Tag Archive for: blindspot

Report: Active Directory Certificate Services a big security blindspot on enterprise networks


As the core of Windows enterprise networks, Active Directory, the service that handles user and computer authentication and authorization, has been well studied and probed by security researchers for decades. Its public key infrastructure (PKI) component, however, has not received the same level of scrutiny and, according to a team of researchers, deployments are rife with serious configuration mistakes that can lead to account and domain-level privilege escalation and compromise.

“AD CS [Active Directory Certificate Services] is Microsoft’s PKI implementation that provides everything from encrypting file systems, to digital signatures, to user authentication (a large focus of our research), and more,” researchers Will Schroeder and Lee Christensen from security firm SpecterOps said in a new report. “While AD CS is not installed by default for Active Directory environments, from our experience in enterprise environments it is widely deployed, and the security ramifications of misconfigured certificate service instances are enormous.”

How AD CS works

AD CS is used to set up a private enterprise certificate authority (CA), which is then used to issue certificates that tie a user or machine identity or account to a public-private key pair, allowing that key pair to be used for different operations, such as file encryption, signing files or documents and authentication. AD CS administrators define certificate templates that serve as blueprints to how certificates are issued, to whom, for what operations, for how long and what cryptographic settings they have.
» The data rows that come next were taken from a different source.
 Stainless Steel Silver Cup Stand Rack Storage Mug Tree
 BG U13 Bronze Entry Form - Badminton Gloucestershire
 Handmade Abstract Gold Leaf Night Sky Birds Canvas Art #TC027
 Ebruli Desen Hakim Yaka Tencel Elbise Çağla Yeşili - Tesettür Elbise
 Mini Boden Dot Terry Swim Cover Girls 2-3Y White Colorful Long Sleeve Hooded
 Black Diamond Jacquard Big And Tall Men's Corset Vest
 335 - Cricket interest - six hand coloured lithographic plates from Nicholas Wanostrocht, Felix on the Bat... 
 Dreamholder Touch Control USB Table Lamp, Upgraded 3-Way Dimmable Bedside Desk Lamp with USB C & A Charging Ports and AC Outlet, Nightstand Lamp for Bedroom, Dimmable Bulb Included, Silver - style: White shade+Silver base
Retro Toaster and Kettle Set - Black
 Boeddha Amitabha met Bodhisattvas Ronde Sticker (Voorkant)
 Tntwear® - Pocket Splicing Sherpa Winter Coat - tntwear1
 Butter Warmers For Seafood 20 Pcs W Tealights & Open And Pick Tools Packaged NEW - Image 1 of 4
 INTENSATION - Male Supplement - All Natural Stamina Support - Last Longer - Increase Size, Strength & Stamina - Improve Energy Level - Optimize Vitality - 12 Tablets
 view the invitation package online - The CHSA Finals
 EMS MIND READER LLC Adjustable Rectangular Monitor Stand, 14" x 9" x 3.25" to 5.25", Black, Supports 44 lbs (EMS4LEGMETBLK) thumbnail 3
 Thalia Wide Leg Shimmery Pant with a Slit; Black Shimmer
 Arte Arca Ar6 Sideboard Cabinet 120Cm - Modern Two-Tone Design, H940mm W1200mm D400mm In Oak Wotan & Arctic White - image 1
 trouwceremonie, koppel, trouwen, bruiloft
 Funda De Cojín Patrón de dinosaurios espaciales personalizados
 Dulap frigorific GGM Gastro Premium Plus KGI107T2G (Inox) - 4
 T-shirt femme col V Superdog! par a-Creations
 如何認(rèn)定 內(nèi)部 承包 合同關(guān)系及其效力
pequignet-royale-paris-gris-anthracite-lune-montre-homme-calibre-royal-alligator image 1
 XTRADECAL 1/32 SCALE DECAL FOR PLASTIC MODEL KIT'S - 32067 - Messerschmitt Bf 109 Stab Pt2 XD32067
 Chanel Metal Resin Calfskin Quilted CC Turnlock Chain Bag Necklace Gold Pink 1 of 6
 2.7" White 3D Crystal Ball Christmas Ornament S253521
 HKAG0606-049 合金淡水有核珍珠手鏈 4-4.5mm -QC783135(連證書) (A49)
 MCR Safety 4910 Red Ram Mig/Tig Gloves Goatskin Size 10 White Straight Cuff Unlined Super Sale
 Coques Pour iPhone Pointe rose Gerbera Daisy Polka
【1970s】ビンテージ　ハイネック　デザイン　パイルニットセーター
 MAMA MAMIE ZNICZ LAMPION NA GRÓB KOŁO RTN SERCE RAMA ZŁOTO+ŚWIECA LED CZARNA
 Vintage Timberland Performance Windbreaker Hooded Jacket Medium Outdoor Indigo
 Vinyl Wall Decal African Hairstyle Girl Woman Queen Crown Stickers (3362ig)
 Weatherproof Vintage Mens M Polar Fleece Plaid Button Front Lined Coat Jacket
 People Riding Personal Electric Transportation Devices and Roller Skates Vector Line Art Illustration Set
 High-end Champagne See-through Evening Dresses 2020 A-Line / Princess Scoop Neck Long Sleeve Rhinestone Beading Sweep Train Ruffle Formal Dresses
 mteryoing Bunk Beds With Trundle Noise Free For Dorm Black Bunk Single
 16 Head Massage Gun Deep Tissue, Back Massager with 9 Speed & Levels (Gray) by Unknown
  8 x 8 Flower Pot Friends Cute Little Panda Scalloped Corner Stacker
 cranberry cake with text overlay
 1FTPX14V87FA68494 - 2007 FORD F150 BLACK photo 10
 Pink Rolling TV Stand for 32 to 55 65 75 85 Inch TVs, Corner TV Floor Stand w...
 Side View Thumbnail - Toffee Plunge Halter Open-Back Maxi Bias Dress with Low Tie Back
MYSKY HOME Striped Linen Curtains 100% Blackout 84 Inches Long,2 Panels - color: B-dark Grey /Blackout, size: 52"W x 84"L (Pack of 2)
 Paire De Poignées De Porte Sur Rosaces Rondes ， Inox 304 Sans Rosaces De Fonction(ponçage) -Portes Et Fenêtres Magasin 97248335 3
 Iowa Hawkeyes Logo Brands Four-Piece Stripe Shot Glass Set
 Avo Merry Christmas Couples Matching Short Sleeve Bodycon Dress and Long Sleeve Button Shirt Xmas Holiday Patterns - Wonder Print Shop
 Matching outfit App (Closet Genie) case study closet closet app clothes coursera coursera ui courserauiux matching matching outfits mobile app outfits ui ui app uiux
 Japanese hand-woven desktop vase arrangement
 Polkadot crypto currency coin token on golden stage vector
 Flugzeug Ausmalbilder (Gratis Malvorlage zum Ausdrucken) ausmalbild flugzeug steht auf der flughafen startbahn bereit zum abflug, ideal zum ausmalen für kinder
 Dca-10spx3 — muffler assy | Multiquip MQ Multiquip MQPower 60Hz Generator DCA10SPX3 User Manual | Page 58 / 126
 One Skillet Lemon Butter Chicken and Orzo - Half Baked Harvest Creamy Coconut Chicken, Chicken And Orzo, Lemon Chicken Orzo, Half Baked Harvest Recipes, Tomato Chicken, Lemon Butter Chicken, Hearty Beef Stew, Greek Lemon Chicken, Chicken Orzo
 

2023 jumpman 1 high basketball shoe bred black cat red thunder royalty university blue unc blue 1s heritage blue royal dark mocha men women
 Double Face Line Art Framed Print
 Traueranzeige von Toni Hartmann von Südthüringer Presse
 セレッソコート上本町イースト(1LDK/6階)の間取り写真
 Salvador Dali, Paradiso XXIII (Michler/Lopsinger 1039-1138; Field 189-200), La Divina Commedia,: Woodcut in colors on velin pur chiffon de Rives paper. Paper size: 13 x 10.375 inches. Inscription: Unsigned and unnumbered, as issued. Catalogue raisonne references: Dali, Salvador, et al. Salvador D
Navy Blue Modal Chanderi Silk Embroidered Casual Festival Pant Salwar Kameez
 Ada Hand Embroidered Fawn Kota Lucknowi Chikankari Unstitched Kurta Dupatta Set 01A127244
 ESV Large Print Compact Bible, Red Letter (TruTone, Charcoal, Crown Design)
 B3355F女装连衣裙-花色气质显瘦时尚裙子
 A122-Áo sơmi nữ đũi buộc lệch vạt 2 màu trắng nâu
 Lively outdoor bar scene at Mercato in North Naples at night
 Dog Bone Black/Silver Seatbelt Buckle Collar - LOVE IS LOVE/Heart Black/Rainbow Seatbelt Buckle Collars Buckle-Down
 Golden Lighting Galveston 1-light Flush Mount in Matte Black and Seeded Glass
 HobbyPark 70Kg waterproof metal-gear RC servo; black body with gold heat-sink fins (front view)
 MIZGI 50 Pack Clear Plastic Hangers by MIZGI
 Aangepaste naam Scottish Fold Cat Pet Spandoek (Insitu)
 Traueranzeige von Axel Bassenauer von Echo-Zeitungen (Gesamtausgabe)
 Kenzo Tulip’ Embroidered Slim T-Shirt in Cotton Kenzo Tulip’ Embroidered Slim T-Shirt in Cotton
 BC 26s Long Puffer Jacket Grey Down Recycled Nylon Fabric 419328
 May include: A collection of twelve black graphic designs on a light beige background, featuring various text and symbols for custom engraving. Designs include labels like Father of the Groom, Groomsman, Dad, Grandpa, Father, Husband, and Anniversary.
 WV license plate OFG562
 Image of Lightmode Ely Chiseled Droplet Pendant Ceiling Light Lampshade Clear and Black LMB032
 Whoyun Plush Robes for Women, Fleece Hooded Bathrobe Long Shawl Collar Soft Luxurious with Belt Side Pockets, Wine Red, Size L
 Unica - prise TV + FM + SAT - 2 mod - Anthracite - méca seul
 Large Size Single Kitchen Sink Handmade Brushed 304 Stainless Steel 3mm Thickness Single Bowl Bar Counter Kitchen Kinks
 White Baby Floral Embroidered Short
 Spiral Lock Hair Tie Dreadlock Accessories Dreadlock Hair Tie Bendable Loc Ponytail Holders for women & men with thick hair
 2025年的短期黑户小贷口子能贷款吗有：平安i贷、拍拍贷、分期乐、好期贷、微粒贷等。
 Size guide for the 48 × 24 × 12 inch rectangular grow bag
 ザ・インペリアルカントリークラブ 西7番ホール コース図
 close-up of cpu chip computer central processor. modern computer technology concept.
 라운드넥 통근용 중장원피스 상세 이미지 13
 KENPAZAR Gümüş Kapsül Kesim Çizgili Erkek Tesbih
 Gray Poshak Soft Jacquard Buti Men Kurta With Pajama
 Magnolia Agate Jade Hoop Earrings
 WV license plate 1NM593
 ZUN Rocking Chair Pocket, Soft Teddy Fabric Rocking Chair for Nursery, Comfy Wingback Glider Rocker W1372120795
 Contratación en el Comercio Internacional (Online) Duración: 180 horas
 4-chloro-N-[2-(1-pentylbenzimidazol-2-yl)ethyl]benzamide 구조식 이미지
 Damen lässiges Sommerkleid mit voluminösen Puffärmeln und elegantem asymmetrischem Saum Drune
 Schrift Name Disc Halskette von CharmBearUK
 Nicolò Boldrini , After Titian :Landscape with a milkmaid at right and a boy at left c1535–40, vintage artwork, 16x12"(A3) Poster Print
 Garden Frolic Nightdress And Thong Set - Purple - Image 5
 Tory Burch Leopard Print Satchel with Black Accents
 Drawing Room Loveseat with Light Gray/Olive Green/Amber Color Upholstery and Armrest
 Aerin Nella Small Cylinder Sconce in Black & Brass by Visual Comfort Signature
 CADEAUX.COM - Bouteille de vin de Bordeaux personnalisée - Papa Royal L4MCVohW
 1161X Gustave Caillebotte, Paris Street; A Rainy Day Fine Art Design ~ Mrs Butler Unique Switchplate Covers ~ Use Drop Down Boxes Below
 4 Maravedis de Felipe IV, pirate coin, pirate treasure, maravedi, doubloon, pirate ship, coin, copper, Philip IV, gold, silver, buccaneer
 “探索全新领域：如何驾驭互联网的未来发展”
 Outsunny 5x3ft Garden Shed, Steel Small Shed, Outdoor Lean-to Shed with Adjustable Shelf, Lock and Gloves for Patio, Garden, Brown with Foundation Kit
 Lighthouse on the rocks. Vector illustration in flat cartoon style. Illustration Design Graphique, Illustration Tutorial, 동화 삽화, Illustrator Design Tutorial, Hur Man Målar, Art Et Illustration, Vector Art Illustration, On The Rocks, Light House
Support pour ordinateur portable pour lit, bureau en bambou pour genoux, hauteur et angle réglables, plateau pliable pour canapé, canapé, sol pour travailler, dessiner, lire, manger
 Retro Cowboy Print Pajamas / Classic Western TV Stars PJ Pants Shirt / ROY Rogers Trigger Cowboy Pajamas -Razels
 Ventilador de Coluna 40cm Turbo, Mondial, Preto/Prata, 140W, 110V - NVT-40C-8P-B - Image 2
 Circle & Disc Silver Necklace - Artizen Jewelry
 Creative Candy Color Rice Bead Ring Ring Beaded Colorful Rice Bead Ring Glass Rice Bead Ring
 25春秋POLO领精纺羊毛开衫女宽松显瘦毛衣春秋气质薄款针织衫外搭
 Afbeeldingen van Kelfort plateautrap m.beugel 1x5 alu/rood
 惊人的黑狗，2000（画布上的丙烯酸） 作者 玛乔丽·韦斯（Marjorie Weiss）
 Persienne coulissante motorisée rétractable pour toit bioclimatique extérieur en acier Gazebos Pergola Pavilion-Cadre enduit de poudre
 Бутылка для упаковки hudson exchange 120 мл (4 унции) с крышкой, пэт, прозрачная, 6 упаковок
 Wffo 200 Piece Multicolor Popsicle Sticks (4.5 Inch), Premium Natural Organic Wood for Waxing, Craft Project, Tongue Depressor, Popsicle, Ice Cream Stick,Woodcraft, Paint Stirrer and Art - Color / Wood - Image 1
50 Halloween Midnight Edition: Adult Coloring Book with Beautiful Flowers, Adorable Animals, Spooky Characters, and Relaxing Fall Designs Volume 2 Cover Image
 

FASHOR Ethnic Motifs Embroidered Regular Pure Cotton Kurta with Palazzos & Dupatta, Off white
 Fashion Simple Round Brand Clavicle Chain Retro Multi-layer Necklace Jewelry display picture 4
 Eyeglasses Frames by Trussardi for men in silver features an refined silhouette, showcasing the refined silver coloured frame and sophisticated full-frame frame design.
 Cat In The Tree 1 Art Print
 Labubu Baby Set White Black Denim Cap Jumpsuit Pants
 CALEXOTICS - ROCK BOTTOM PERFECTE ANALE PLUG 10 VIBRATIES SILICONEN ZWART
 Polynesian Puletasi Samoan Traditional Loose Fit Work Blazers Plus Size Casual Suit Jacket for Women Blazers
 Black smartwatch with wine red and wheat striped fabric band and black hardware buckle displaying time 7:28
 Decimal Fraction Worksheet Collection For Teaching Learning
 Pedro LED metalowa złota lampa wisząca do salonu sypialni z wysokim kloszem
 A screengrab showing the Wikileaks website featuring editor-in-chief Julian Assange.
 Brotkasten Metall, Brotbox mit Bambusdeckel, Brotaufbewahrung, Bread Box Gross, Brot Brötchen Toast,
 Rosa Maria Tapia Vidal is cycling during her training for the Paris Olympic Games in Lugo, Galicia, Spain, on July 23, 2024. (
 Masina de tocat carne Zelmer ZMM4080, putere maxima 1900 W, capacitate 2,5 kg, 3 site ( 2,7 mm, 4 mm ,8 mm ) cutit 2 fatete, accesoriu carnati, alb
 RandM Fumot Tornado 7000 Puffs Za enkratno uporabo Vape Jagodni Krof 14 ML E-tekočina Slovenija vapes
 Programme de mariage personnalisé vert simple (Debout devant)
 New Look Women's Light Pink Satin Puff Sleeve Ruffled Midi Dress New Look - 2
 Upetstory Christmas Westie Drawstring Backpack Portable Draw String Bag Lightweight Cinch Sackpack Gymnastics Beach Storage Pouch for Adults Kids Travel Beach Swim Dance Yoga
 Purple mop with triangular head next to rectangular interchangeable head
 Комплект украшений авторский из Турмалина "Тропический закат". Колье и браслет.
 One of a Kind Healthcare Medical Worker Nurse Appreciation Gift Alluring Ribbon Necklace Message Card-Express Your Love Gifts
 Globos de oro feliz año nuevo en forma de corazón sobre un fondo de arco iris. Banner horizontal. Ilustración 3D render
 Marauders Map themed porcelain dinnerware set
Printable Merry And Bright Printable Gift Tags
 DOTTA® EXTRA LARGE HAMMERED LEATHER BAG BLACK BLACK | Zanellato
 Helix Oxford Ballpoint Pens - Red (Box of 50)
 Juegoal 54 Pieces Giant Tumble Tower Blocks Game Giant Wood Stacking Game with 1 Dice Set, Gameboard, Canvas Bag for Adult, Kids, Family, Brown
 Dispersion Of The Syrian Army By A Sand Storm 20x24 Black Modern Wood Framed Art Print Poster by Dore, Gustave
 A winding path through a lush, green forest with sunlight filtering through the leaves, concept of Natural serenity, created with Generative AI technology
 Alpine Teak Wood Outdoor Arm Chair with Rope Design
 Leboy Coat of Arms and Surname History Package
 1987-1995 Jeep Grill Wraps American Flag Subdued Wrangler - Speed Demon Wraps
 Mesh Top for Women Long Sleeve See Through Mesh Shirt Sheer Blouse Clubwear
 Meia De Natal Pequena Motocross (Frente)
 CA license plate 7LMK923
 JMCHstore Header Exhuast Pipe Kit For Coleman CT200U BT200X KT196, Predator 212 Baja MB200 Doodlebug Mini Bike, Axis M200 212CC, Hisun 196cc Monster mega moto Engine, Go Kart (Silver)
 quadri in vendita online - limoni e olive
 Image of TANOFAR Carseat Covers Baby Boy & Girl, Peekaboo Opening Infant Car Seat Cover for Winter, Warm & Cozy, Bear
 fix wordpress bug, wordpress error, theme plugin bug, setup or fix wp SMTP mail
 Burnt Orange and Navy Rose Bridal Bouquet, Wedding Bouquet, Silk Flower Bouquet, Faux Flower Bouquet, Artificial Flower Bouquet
In other words, like in HTTPS, a certificate that is signed by the CA is proof that the AD infrastructure will trust a particular public-private key pair. So, to obtain a certificate from AD CS, an authenticated user or computer, generate a key pair and send the public key along with various desired settings to the CA as part of a certificate signing request (CSR). The CSR will indicate the user identity in the form of a domain account in the subject field, the template to be used to generate the certificate, and the type of actions for which the certificate is desired, which is defined in a field…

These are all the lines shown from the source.